There may be a connection there may not. But it should be on the table
Felix Quigley
There is not much to learn from TRE. There is more from Robert Spencer of Jihadwatch
(start Jihadwatch report on plane here)
The WSJ story is more recent than the Reuters one below it. In the Reuters piece, officials are saying that they suspect the Uighur jihadists but have nothing definitive to link the attack to them. Then this cryptically reported statement from an unnamed “previously unknown group” strongly suggests that the plane crash was a jihad attack, without coming out and saying so. The story, obviously, is developing.
239 people were killed.
“Vietnam Searchers Report Spotting Plane Debris,” by Jason Ng, Gaurav Raghuvanshi and Jake Maxwell Watts for the Wall Street Journal, March 9 (thanks to WTD):
On Sunday afternoon, a statement issued in the name of a previously unknown group claimed that the disappearance of the plane was a political act aimed at the Chinese and Malaysian governments and referred to last week’s attack in a Chinese train station by alleged Uighur separatists. It stopped short of a claim of responsibility. Malaysian officials said that they were unaware of any claim of responsibility but would investigate all possibilities.
.
“Malaysia investigators probe possible airport security lapse,” by Niluksi Koswanage for Reuters, March 9:
…UIGHUR LINK “NOT RULED OUT”
The timing of the incident, a week after knife-wielding assailants killed at least 29 people at a train station in the southwestern Chinese city of Kunming, led to speculation that militants from China’s Uighur Muslim minority could be involved.
One of the Malaysian officials said the authorities were not ruling out Uighur involvement in the jet’s disappearance, noting that Uighurs were deported to China from Malaysia in 2011 and 2012 for carrying false passports.
“This is not being ruled out. We have sent back Uighurs who had false passports before. It is too early to say whether there is a link,” the official said.
Malaysia, a Muslim-majority country that has courted close ties with Beijing in recent years, deported 11 Uighurs in 2011 it said were involved in a human smuggling syndicate.

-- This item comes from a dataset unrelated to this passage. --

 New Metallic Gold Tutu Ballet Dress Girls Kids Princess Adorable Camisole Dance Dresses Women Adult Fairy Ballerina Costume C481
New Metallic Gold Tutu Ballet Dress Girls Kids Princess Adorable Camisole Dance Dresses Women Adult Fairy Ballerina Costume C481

The next year, it was condemned by U.S.-based Human Rights Watch for deporting six Uighurs the rights group described as asylum seekers. Human Rights Watch said the six had been detained while trying to leave Malaysia on fake passports.
A source with ties to the Chinese leadership said there was no confirmed connection to Uighur militants, but described the timing as “very suspicious” coming so soon after the Kunming attack.
Li Jiheng, governor of Yunnan province where Kunming is located, told reporters on Sunday that there was currently no information to show that the knife attack and the missing flight were “necessarily connected”….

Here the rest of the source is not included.